I would like to know two series of rational polygons (in the sense of polygons with rational vertices) that converge to the unit circle. More precisely one series P_n of rational polygons all contained in the circle and one series Q_n all containing the circle, such that the area of the n-th complement Q_n-P_n goes to 0.
For example: give a sequence of ever finer (finite) partitions of the circumference by rational points (using any parametrization of Pythagorean triples). Each partition gives an inscribed polygon, and scaling that polygon up by a rational factor (which can get closer and closer to 1 as the number of sides rises) gives a polygon containing the circle. Since the rational scalars approach 1, the areas of the inner and outer polygons converge.

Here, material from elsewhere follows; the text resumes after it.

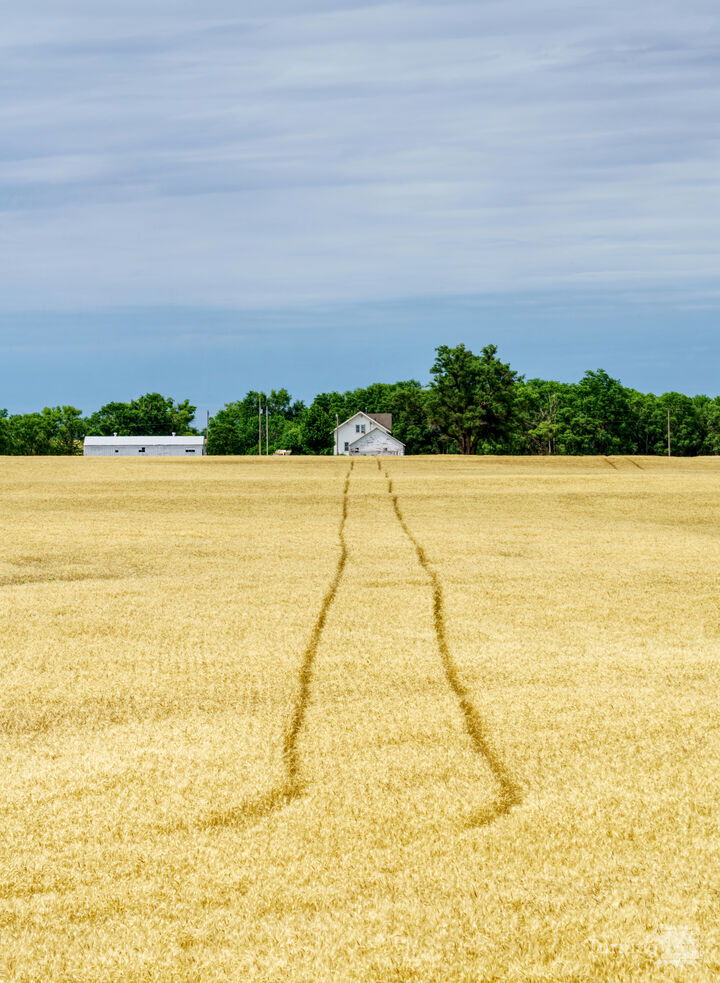 Kansas Wheat Field Farm Tracks Home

But I do not want to work out some specific sequence of partitions for myself, and corresponding scalars, since I suspect simpler neater solutions are already known.
Is some simple way known?
Eventually i would also like to know higher dimensional analogues -- rational polytopes converging to the $n$-dimensional spheres. But I will accept an answer for the 2-D case.
Here is an easily described solution, though it could obviously be improved for practical calculations. Consider the first quadrant of the circle. For each natural number $n$ partition the arc at $n$ points, namely the intersections of the circle with the lines from the point $\langle 0,-1\rangle$ to the points $\langle i/n, 0\rangle$ as $i$ ranges from $0$ to $n$. Then the inner Riemann sum (i.e. using rectangles, each with its upper right corner at a partition point) gives a polygon contained in the circle, while the outer one gives a polygon containing the circle. A simple calculation shows these inner and outer polygons come as close to each other as desired when $n$ goes to infinity.
Namely for any $d>0$ take $n$ with $1/n<d/2$. The difference between the inner and outer sums for this $n$ is less than $d$.
For verification notice for fixed $n$, the $x$ coordinates of the partition points are $2in/(n^2+i^2)$. These intervals have monotone decreasing length as you go from $0$ to $1$. (One proof: $2x/(1+x^2)$ has negative second derivative all over $[0,1]$.) So the left Riemann sum for this partition exceeds the right Riemann sum by less than the area of the first summand in the left Riemann sum, and that is $2/n$.